Robbins-Meyer will also find additional vocational training space in the jail, and work with community partners to develop job training and certification opportunities for veterans after they’re released. Robbins-Meyer will have up to three months to present the board with a plan.
Supervisor Kristin Gaspar — who along with Jim Desmond recommended the proposal — said the county is home to one of the largest population of veterans in the United States and “adjusting to civilian life is very challenging,” especially for those who find themselves in jail.
According to the county, there has been a significant increase in the number of veterans booked into regional jails over the past three years. In 2018, there were 637 veterans booked into a San Diego County jail, with an average of three bookings per veteran.
In 2013, the county Sheriff’s Department and San Diego Veterans Administration started the Veterans Moving Forward program for male veterans in the Vista jail.
According to county documents, the program “provides veterans necessary in-custody treatment, services, and community linkages to reduce their chance of incarceration.”
During a three-year period, the San Diego Association of Governments conducted an evaluation of the VMF program, followed up by report released in March.

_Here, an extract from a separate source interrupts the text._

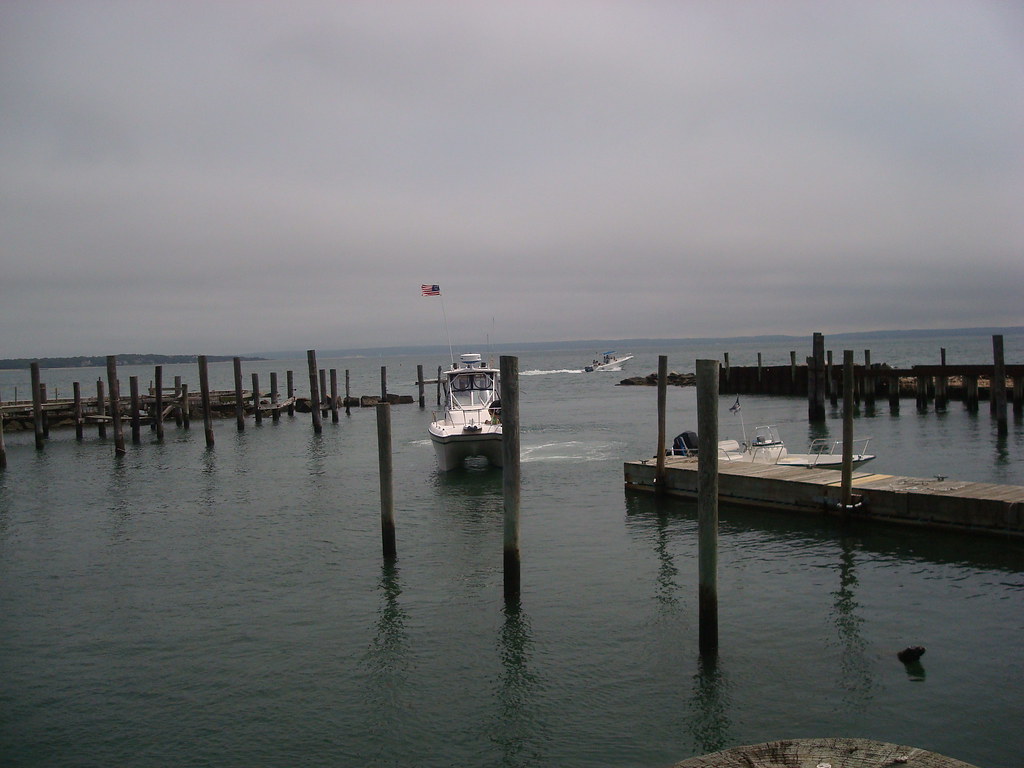 Summer 2011 jettys at Cutchogue Harbor HeatherLWilliams Flickr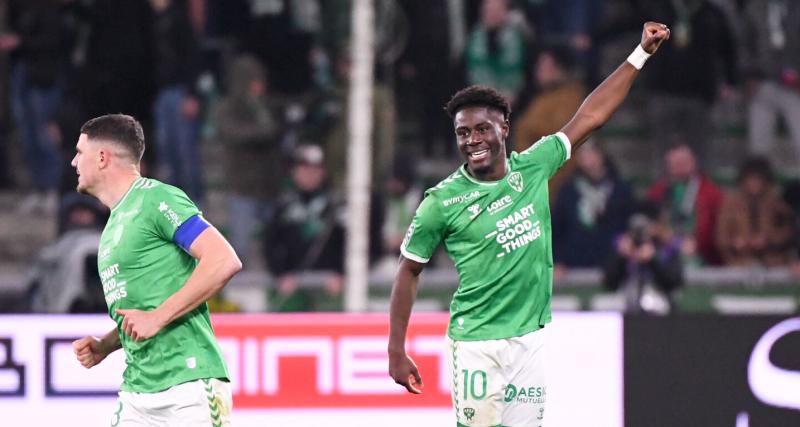 FC Nantes - ASSE : Mbuku s’enflamme pour l’ambiance du Chaudron et évoque son avenir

The study compared two groups of veterans, including 141 who lived in a veterans-only housing unit and a second group housed in a detention facility with the general population.
The SANDAG report highlighted program successes, including the use of a multi-disciplinary team to help veterans re-entering the civilian world, but concluded improvements were needed in helping veterans with basic needs, housing and employment.
Along with housing assistance, the VMF program has also identified a greater need for substance use treatment and financial assistance.
Desmond, who served in the Navy, described the program as “what’s right with government.” He said he recently toured the Vista jail and saw vets taking courses and even meditating.
Supervisor Nathan Fletcher said veterans aren’t immune from accountability if they commit crimes. But if they pay their debt to society, a grateful nation allows for their redemption.
“As a country, we’re remarkably efficient at making combat veterans, along with paying for a massive military budget,” said Fletcher, himself a Marine. “Today’s action helps us to fulfill the care of those that we make.”
Fletcher suggested that the county extend the program to its central jail downtown.
Several members of American Combat Veterans of War spoke in favor of the program.
David Brahms, a Marine and attorney, said his group’s mission “is to reach out to those who have experienced the horrors of war, those who need a hand up,” which includes mentoring veterans in the Vista jail and even giving them pocket money.
“We’d like to think we’ve made a difference and like to continue our efforts,” Brahms said. “When those (jail) gates clang shut, a veteran is isolated from the world.”